В. П. Литвинов работа логоса пятигорск 2006 В. П. Литвино в работа логоса публичные лекции

Вид материалаЛекции
Духовность человека
Подобный материал:
1   ...   4   5   6   7   8   9   10   11   12

РАЗМЫШЛЕНИЕ ВОСЬМОЕ Я – продукт истории мышления. Метафизик – типолог – историк. Курьёзы времени. Упражнения в сути дела. Вопрос на разрыв: коммуникация. Улыбка чеширского кота. Коммуникативно компетентное сознание.



Повторяю: философия ХХ века запала на проблему языка. И мы – свидетели и соучастники этого нового этапа европейского мышления. Но: не система знаков и языковых средств, а ЯЗЫК как работа ЛОГОСА. Не побоимся тавтологии: ЛОГОС есть ЯЗЫК-КАК-ЛОГОС. Что это такое?

Я считаю введение в философствование как ПРАКТИКУ мышления, поэтому предъявляю АКТЫ РАЗМЫШЛЕНИЯ, поэтому всё время говорю «Я». При этом я значу не больше, чем я значу, но такое предъявление безусловно значимо как непосредственно видимый ОПЫТ.

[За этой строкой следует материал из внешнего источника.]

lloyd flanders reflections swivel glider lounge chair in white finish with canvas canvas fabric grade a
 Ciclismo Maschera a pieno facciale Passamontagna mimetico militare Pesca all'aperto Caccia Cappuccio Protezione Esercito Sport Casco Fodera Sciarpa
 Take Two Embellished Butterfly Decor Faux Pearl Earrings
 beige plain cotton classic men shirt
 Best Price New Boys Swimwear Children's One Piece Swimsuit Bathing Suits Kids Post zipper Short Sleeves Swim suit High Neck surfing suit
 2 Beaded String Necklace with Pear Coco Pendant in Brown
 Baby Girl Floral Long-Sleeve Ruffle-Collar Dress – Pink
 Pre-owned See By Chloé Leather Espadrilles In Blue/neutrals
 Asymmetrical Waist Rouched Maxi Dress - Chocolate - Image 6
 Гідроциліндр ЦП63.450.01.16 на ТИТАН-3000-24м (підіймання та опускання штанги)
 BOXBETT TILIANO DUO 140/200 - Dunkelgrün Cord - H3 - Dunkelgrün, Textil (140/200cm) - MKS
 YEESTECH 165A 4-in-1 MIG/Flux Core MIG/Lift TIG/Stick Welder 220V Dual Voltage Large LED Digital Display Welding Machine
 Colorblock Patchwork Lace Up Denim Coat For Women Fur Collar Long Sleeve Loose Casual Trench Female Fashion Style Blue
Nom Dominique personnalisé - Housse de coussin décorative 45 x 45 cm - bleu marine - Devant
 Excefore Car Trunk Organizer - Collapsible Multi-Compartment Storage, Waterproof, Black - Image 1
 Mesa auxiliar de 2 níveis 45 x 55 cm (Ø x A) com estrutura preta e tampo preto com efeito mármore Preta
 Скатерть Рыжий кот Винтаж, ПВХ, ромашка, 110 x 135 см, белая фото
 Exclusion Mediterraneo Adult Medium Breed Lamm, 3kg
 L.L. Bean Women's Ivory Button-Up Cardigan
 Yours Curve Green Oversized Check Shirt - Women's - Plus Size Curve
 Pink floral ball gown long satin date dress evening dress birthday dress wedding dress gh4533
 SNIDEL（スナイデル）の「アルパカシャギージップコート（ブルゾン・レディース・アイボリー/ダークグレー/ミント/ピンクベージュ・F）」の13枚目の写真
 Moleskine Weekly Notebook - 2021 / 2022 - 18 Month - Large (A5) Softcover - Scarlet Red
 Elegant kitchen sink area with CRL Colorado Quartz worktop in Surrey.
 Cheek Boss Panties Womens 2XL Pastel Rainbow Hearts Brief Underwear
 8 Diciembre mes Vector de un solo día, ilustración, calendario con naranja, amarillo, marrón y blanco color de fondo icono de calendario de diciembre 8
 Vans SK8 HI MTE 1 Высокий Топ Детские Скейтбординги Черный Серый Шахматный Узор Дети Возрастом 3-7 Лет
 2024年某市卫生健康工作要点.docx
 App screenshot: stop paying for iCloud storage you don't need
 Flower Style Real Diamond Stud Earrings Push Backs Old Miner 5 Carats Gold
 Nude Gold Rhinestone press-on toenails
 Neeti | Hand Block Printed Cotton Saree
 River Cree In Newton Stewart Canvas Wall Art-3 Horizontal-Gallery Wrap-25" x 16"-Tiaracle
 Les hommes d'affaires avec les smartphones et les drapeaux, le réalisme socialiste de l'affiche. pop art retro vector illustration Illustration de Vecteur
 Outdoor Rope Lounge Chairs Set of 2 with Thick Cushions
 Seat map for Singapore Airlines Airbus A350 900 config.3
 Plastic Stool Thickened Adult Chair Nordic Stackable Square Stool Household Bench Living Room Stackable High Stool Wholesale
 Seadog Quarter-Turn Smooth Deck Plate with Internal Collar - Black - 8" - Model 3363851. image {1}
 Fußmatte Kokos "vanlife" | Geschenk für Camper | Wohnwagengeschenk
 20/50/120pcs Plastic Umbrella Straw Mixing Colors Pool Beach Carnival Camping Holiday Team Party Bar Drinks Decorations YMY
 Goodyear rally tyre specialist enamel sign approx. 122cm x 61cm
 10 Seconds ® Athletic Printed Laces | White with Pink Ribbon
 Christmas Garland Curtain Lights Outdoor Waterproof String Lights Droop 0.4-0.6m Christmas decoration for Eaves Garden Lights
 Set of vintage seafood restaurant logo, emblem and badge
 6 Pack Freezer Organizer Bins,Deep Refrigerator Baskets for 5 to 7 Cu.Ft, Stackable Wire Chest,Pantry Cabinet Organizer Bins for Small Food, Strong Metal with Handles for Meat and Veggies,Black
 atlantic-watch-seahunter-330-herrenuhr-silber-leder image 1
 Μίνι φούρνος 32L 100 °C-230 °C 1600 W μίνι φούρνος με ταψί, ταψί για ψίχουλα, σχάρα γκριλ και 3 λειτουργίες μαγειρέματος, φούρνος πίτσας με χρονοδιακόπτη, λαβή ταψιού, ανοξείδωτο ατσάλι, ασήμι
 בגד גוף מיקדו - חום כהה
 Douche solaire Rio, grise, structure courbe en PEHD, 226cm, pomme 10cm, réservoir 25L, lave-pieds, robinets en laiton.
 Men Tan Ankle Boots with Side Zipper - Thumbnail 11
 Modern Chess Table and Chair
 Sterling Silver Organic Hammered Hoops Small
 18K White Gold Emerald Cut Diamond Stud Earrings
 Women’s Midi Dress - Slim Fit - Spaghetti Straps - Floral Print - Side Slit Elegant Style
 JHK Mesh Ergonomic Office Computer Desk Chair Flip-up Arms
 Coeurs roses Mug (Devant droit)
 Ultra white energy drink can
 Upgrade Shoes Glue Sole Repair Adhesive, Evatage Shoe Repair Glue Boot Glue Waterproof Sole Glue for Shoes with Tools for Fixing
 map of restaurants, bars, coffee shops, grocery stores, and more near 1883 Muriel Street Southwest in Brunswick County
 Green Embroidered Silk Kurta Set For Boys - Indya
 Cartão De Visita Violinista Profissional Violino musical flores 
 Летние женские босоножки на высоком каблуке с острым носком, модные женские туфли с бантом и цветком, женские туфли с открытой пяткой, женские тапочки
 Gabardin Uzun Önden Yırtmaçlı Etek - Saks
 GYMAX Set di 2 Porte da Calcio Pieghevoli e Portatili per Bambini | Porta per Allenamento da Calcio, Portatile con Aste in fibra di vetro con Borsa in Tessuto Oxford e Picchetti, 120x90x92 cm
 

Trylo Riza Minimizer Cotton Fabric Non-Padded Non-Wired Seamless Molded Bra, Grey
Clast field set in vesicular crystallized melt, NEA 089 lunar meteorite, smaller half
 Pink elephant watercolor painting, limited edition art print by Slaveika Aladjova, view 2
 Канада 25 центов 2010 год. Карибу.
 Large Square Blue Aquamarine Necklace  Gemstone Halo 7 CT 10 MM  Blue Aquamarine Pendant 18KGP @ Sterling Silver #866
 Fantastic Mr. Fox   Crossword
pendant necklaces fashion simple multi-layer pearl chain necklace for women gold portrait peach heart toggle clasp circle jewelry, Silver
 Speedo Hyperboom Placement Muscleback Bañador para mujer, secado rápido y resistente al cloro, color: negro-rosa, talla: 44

Я – продукт истории мышления, один из многих скромных её продуктов. (Объективно.) Я – отдельная интеллектуальная программа, как же иначе? (Субъективно.) Но вы же понимаете объективное значение субъективности. Я рефлексивно понимаю, что я делаю: как метафизик, как типолог, как историк, а дальше я буду – феноменолог, герменевт, деконструктивист – может быть, что-то ещё, не знаю. Я же в пути.

Как мыслит МЕТАФИЗИК?

Он спрашивает о предельных сущностях «бытие», «бог», «логос», он пытается дать им определение. Он предельно раздвигает границы и говорит примерно так:

«Бог непознаваем», или:

«Вселенная – манифестация музыки».

Или спрашивает:

«Почему есть бытие, а не небытие?»

Мы давно не мыслим как метафизики, но почему-то нам, мыслящим иначе, требуется при решении иных вопросов принимать на случай какую-то полезную метафизику. Например:

«Материя первична» (Энгельс), или:

«Я принимаю реальность (дух, природу,…) как предельное понятие».

И постоянное беспокойство такого, даже вполне современного, мыслителя – возможность выйти за рамки:

«логика прежде Бога» (Оккам),

«небытие» (Хайдеггер).

Вообще-то современный мыслитель в этом отношении «поумнел». Когда мы вводим понятие «природы» или «реальности» как НЕЗАВИСИМЫХ ОТ НАШЕГО СОЗНАНИЯ, от нашего разума, ВНЕПОЛОЖЕННЫХ ему, мы ведь ТЕМ САМЫМ делаем для себя невозможным говорить о ней рационально; она не схвачена разумом ПО ОПРЕДЕЛЕНИЮ, по условиям, которые диктует сам разум. Это – парадокс естественно-научного познания. Не может быть энгельсовской «диалектики природы», но разум-то, конечно, «диалектичен».

Чтобы мыслить рационально, нужно располагать ПРЕДМЕТАМИ МЫШЛЕНИЯ. А определить их в акте их полагания – значит о-предéлить, отграничить их от других, как бытие от «небытия», например. Omnia determinatio negatio (Спиноза). Кто хочет мыслить бога, не должен изымать его из логического ряда. Богослов не может мыслить бога.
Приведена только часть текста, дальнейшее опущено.